A produtora Silvia Cruz, da Vitrine Filmes, recebeu com surpresa a decisão: “Eles alegam cenas de sexo e drogas, mas são cenas curtas e que não deveriam ganhar uma classificação de 18 anos. Chegamos a comparar com outros filmes, como Tatuagem (2013) e Boi Neon (2015), que possuem cenas semelhantes e foram classificados como 16 anos. No nosso caso, eles foram irredutíveis”.
Aquarius tem três cenas de sexo de menos de 30 segundos, duas delas com nus frontais (masculino e feminino). Personagens fumam cigarros artesanais, mas não é possível determinar se são de maconha ou não.

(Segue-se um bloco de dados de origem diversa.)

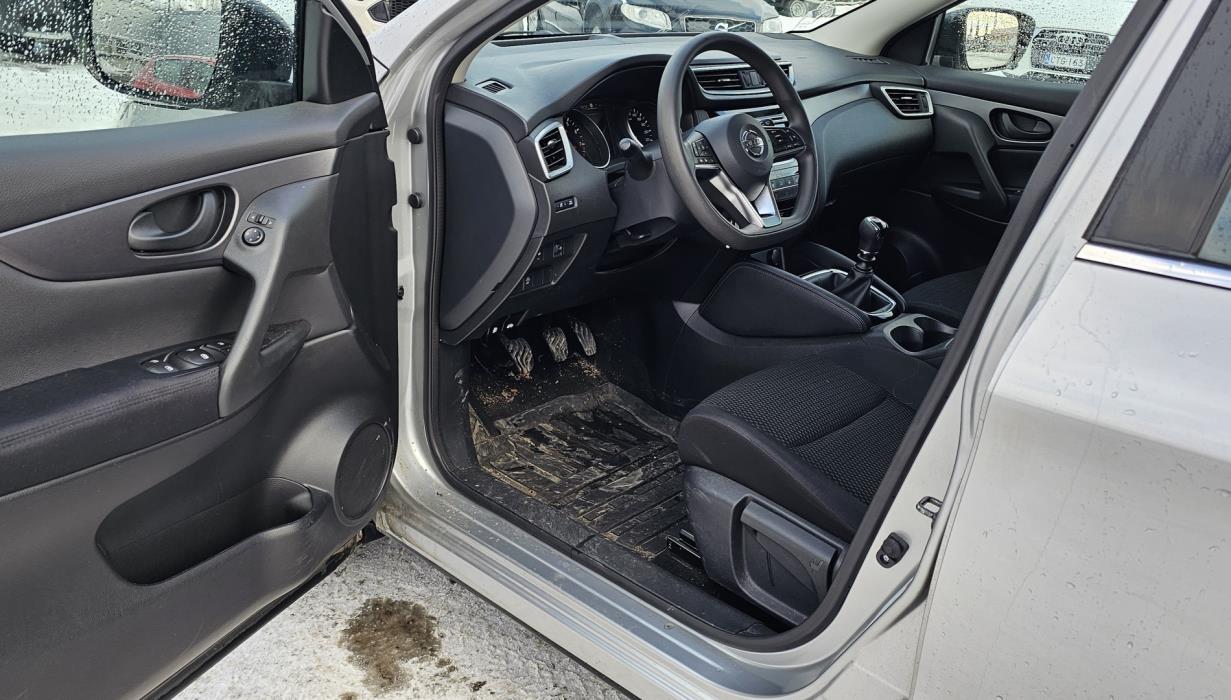 NISSAN Qashqai 2021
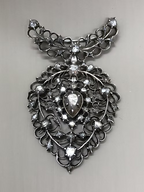 Rose diamond Flemish heart drop c.1820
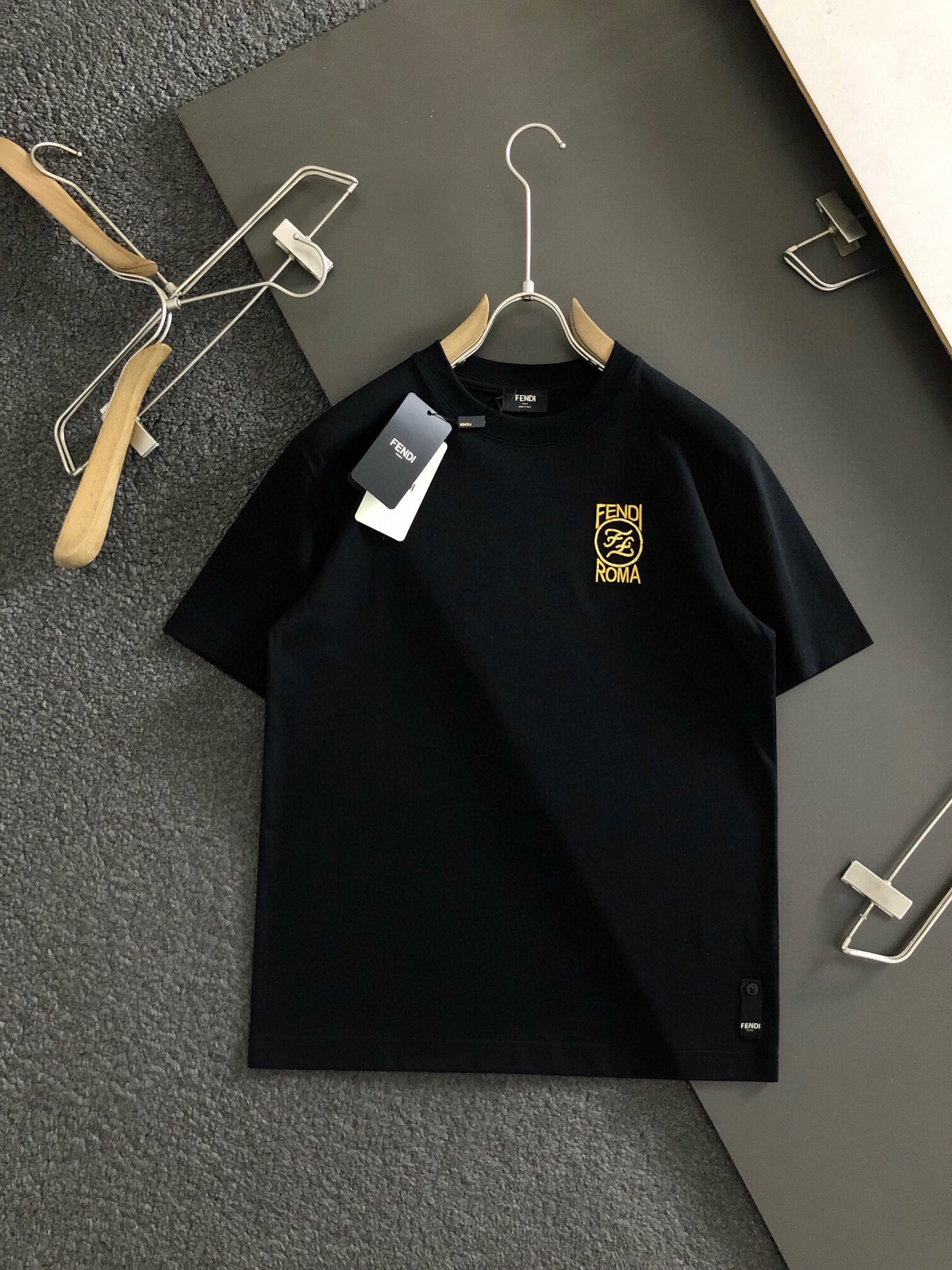 路易威登 Louis Vuitton 高定典藏名品高定成衣时装外套连衣裙衬衫T恤 #2A0E6FEF 2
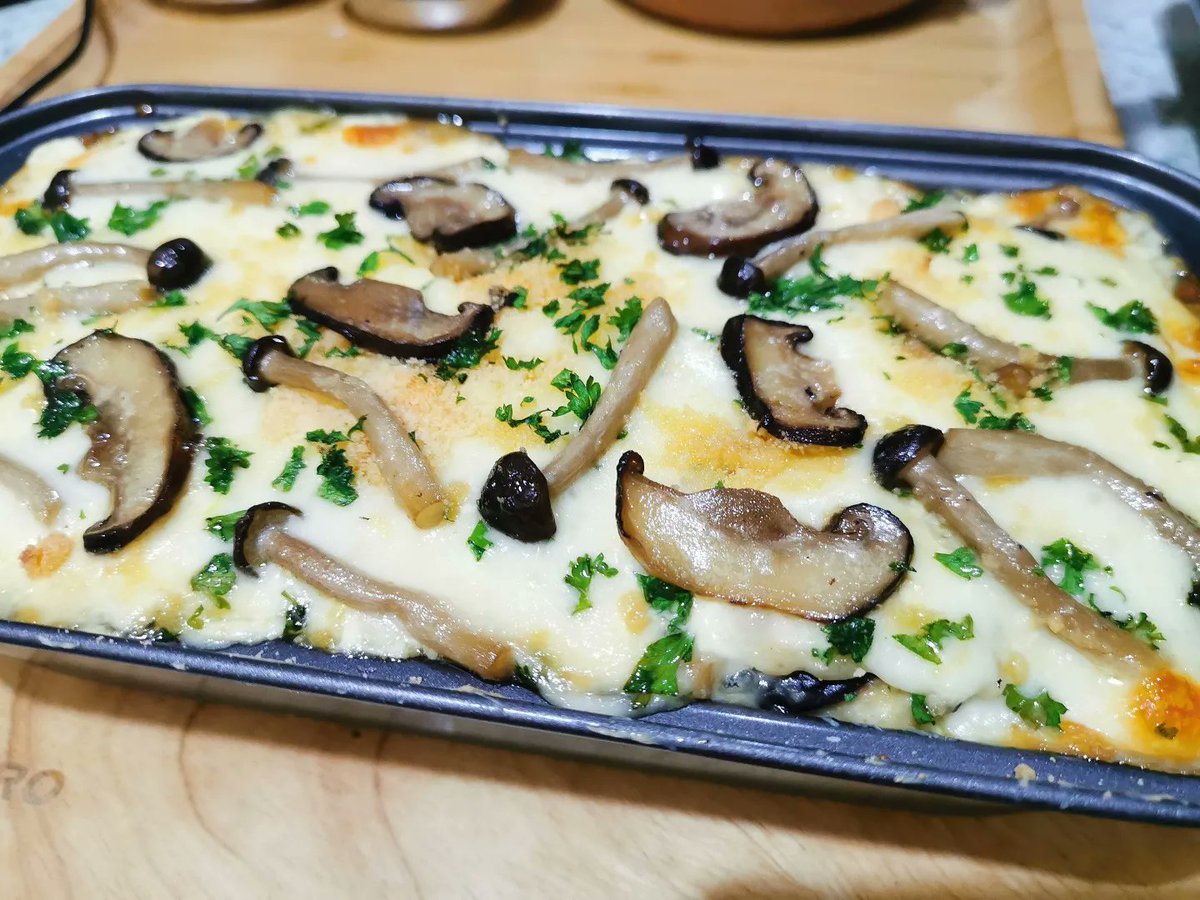 xyalyn's tweet photo. Cooking stream success 🎉 First Time making Surf and Turf Wagyu Beef and Mushroom Gratin from anime the misfit of demon king academy inspired 😍  so Yummy 😋

#Vtuber #cookingstream https://t.co/YYIE9FDDSY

O caso de Aquarius prenuncia uma nova escalada autoritária contra o mundo cultural. Poucos artistas têm se dado conta dessa ameaça crescente, e o filme teve dois ou três defensores solitários, incluindo o próprio cineasta, a reivindicar os clássicos direitos da livre expressão e da isonomia no cenário artístico nacional. Como é uma perseguição não declarada, talvez a sociedade brasileira só note que o ovo da serpente já foi botado quando for tarde demais para conter a peçonha generalizada.No caso do filme de Jean-Luc Goddard, há 30 anos, a chamada opinião pública do País não engoliu a arbitrariedade calada. Houve protestos, manifestações, pressões (o próprio ministro da Justiça da época, Fernando Lyra, mostrou-se publicamente contrariado com a censura). O barulho ajudou a sepultar um espectro: a sociedade não parecia disposta a presenciar o retorno a uma época sombria de proibições, cortes e perseguições. No carnaval do ano seguinte, 1986, o combativo bloco de rua Pacotão, de Brasília, foi às ruas municiado da marchinha “Je Vous Salue, Marly”, fazendo alusão à mulher do presidente, dona Marly Sarney.